> _WHAT YOU ARE ASKED TO DO_: Once the line with "To signal turns, move" is found in the entries below, repeat it and each following line exactly, up to and including the line with "I've had some". Add no other lines.

○ ○ ○

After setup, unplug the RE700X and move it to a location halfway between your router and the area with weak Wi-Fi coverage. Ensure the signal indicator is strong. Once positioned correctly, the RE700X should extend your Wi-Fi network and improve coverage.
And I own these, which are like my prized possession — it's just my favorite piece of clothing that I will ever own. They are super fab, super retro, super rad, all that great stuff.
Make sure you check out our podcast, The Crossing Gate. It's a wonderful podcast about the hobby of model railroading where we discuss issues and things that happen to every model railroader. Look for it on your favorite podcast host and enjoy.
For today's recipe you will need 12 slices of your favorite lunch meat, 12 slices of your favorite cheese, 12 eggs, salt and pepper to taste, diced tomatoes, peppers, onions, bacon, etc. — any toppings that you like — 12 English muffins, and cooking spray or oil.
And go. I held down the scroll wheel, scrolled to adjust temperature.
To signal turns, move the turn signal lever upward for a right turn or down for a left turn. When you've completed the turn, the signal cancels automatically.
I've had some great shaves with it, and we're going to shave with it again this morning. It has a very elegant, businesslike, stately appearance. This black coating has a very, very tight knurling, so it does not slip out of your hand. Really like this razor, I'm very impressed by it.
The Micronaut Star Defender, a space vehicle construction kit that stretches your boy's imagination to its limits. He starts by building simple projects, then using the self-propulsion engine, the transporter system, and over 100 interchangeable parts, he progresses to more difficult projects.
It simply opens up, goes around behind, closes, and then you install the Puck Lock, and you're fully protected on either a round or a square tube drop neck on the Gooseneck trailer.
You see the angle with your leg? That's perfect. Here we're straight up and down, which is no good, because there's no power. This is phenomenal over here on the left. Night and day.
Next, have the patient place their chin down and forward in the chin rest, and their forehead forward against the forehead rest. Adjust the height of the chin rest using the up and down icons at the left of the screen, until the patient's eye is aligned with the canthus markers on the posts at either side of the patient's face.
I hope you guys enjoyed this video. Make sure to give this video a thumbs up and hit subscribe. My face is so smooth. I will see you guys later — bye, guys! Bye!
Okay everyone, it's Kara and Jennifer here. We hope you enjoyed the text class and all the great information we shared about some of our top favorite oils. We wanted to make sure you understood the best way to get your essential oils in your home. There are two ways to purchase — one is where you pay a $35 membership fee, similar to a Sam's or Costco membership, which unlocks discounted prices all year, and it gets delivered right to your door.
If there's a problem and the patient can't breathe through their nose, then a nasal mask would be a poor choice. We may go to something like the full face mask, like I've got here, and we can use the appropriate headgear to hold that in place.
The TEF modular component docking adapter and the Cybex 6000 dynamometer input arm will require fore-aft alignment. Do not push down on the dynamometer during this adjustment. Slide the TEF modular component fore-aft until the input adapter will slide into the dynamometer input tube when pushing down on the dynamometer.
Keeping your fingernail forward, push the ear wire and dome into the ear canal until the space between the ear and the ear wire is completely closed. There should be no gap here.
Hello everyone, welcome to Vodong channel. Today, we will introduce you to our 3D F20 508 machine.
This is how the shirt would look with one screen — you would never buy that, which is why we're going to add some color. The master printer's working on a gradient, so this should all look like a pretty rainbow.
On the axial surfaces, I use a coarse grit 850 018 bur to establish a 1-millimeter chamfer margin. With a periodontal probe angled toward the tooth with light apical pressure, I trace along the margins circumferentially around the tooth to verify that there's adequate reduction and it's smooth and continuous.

○ ○ ○

> _ANSWER TO THE EXERCISE_:
To signal turns, move the turn signal lever upward for a right turn or down for a left turn. When you've completed the turn, the signal cancels automatically.
I've had some great shaves with it, and we're going to shave with it again this morning. It has a very elegant, businesslike, stately appearance. This black coating has a very, very tight knurling, so it does not slip out of your hand. Really like this razor, I'm very impressed by it.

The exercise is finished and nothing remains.